The first movement relies, to begin with, on a dirge-like theme being carried, principally, by lower strings and a lonely, despondent couple of clarinets, cast into a dark wilderness. It’s expressive of the E Minor embedded in the full-blown title of the work. To call a spade a shovel, it’s depressing; albeit in the most poetic, beautiful way. It’s not at all difficult to conjure heavy snow clouds over a mournful St Pete, perhaps grieving for the loss of its citizens in battle.

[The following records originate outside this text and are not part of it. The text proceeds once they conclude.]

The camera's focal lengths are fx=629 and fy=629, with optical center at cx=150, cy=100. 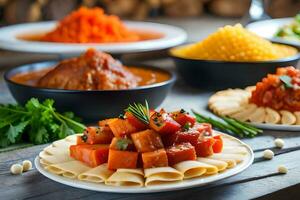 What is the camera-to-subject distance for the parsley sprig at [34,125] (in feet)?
6.31

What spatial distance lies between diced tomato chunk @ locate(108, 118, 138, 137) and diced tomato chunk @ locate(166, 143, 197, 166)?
0.10 m

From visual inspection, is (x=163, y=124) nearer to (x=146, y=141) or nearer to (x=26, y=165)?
(x=146, y=141)

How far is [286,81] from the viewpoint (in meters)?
2.16

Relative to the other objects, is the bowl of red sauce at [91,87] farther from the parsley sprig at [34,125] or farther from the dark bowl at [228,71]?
the dark bowl at [228,71]

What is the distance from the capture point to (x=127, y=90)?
6.81ft

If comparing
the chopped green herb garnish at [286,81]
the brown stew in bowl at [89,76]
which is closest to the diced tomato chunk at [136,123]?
the brown stew in bowl at [89,76]

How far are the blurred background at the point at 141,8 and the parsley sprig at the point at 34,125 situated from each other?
7.69ft

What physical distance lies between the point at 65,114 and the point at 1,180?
0.47 m

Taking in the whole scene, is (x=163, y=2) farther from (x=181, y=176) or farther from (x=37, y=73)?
(x=181, y=176)

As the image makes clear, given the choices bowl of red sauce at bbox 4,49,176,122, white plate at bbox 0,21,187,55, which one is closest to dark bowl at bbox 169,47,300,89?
white plate at bbox 0,21,187,55

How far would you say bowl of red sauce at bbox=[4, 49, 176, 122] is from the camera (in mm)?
2080

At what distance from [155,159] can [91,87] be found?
2.37 ft

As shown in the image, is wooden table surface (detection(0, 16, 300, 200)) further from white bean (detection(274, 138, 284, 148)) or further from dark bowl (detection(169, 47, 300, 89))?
dark bowl (detection(169, 47, 300, 89))

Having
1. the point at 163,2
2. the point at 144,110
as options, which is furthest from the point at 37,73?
the point at 163,2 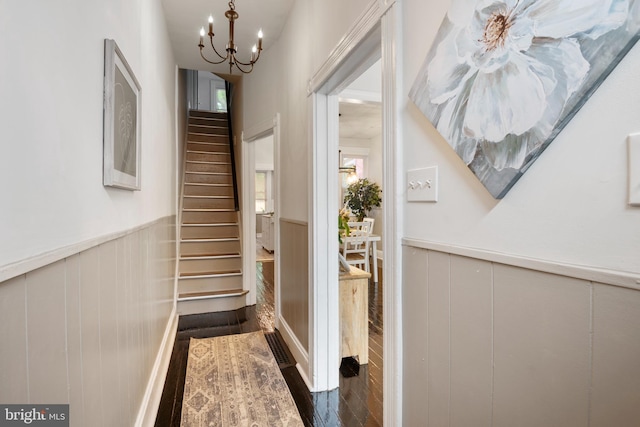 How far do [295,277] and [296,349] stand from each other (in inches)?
22.1

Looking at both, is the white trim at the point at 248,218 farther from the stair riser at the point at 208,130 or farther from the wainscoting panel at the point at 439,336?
the wainscoting panel at the point at 439,336

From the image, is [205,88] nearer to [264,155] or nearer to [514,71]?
[264,155]

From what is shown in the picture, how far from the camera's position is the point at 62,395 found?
772 millimetres

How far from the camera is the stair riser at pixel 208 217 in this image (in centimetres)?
434

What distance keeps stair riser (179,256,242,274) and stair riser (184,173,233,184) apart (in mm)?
1610

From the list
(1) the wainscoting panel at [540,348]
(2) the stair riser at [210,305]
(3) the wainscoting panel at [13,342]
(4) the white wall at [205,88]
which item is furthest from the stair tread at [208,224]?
(4) the white wall at [205,88]

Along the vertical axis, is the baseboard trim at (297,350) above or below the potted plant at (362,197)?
below

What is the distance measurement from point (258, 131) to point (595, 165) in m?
3.15

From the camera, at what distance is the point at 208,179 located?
199 inches

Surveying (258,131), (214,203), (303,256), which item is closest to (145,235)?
(303,256)

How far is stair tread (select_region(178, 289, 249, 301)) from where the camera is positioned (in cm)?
347

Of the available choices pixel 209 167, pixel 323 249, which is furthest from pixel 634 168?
pixel 209 167

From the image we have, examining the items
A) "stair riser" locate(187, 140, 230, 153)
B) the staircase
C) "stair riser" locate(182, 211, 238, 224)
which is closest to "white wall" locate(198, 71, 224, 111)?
the staircase

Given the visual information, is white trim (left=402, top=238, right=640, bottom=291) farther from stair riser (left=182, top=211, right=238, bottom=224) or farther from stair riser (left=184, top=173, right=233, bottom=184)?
stair riser (left=184, top=173, right=233, bottom=184) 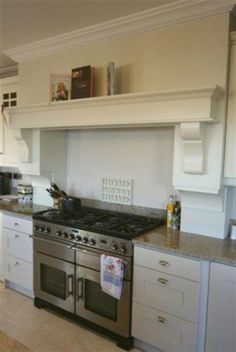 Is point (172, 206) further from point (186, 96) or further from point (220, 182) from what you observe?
point (186, 96)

As it develops, it has something of the aesthetic of an official military homage, even while invoking folk melodies. Its compositional success is built on restraint, dynamics and timing. Aurally and emotionally, though, the effect couldn’t be more dramatic. While the strings march, flourishes emerge, like voices from an unruly, revengeful mob. Big, blasting, corporate flourishes on horns are counterpointed with demure ‘comments’ from an oboe, a flute, a plaintive cello. One can feel something brewing, movement afoot. There are distant heralds, drawing ever closer; calls to action. There’s a lot going on. Outbreaks. The crowd sounds increasingly restless. The latent, brooding energy suddenly bursts with kinetic vitality: depth-charges from timpani; determinedly bowed basses. Then, it’s as if the fog of war momentarily clears and the orchestra surprises us by quelling the turmoil and easing into a waltz, but one that becomes increasingly frenetic, before matters escalate to fever-pitch once again.

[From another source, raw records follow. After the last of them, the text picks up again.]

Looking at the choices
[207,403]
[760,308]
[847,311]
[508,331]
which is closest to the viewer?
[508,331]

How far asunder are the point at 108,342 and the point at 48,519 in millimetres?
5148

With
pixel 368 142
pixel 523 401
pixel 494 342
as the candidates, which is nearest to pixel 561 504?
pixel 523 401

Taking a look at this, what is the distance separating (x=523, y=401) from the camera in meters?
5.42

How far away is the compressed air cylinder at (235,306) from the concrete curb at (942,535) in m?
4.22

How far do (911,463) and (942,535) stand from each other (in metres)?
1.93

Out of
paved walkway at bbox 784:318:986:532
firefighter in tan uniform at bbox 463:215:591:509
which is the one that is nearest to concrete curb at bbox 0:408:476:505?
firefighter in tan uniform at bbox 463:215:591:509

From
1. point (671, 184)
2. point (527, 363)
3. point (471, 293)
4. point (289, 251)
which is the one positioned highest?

That’s just my story, and for now at least I’m sticking to it. But that’s the point. Tchaikovsky, apparently, had no narrative in mind for this work, though there’s an admixture of evidence and conjecture to suggest he mightn’t have been entirely straight with us. The hard evidence lies in sketches and notes on his original manuscript. He appears to have been grappling with the big questions: fate; faith; love. No wonder it sounds as tumultuous as a battleground.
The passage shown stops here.